BEGIN

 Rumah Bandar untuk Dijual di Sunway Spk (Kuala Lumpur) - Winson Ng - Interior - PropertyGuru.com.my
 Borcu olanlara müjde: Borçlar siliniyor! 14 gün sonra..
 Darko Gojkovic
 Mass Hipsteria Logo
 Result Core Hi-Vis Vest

END
BEGIN

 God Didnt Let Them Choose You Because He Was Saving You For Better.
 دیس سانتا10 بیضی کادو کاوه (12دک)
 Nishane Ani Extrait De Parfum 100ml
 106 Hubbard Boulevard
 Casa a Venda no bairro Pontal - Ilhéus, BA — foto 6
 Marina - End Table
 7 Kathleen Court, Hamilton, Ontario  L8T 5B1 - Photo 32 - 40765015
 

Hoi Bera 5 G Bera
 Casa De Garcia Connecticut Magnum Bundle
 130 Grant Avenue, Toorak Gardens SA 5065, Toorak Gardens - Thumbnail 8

END

» **Your task**
A single number is required: the count of lines in the data above that include the string "Casa".

» **Exercise answer**
2